What is a "spirit of individualism?" Is it compatible with a commitment to community? Wouldn't it be amazing if the KL vision said the truth as I see it, which is more like:
There are basically two kinds of people in Kenny Lake.
Group One: My friends, who are the traditional Alaskans who hunt, fish, trap and grow, the ones who love their gossip but still know how to mind their own business and don't try to tell anyone else what to do, unless they're asked for advice, and then they may never stop talking....
Group Two: is the people I really don't know at all, this very organized group of federal and state employees, fundamentalist Christians, New Age Indians, global ngo-UN affiliates and retired No Child Left Behind teachers who want to tell everyone what to do and teach us all how to become more responsible global citizens.

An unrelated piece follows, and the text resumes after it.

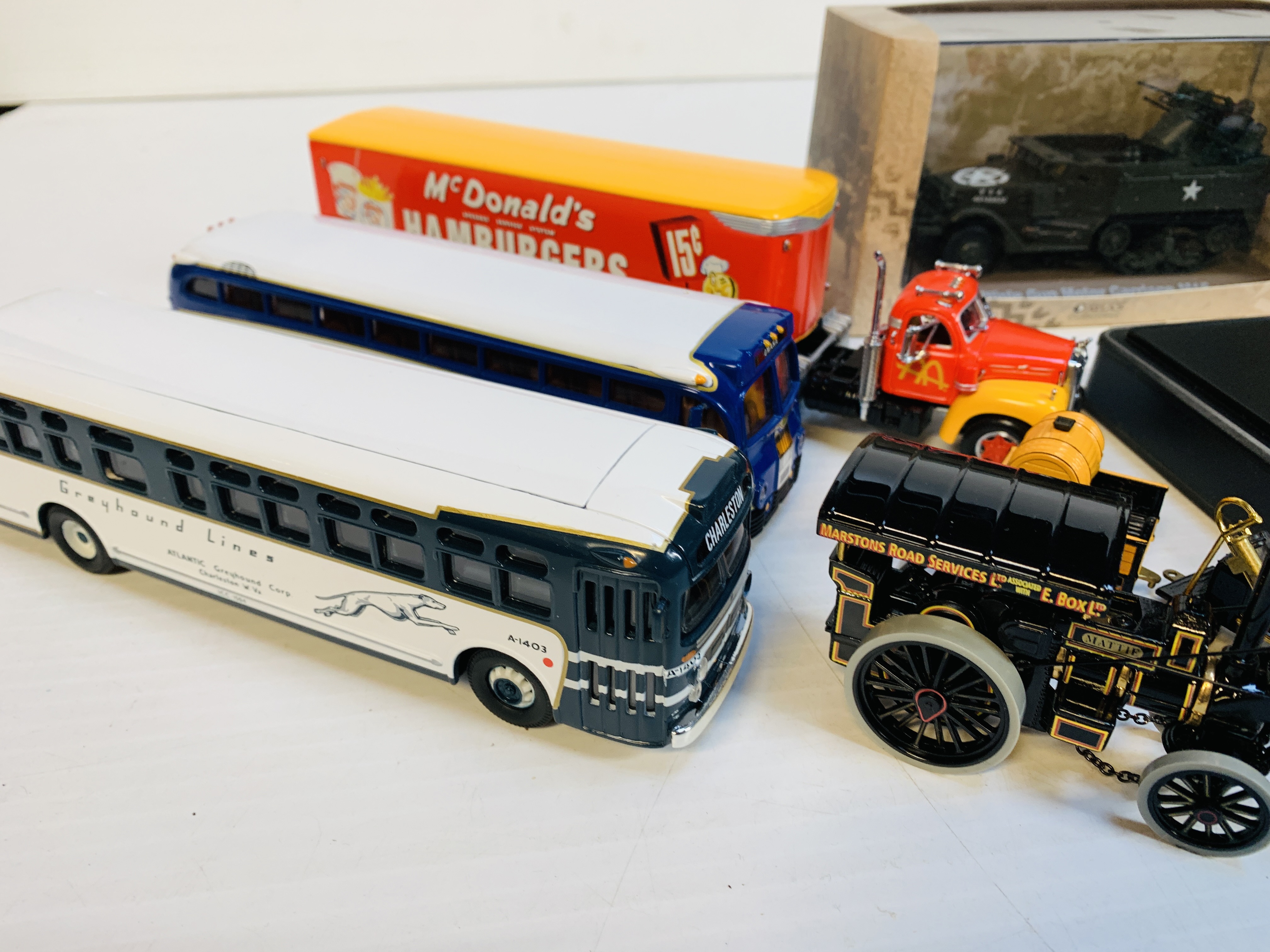 Eight assorted model vehicles - Image 4 of 4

Group One lives like Alaskans. Group Two promotes all the UN goals for retraining backwards Alaskan locals (in Group One) how to think and act globally. We actually have anti-fur people here "teaching" us about the changing economics of trapping! (Tim Redington and Dean Wilson Sr., two local trappers who make and sell traps, who still actively trap here and are well-known around Alaska and the world, are NOT included in these "lessons" about trapping.) Tim says he thinks all the tree huggers should have to move out of their big log houses and into eco-friendly tents like me!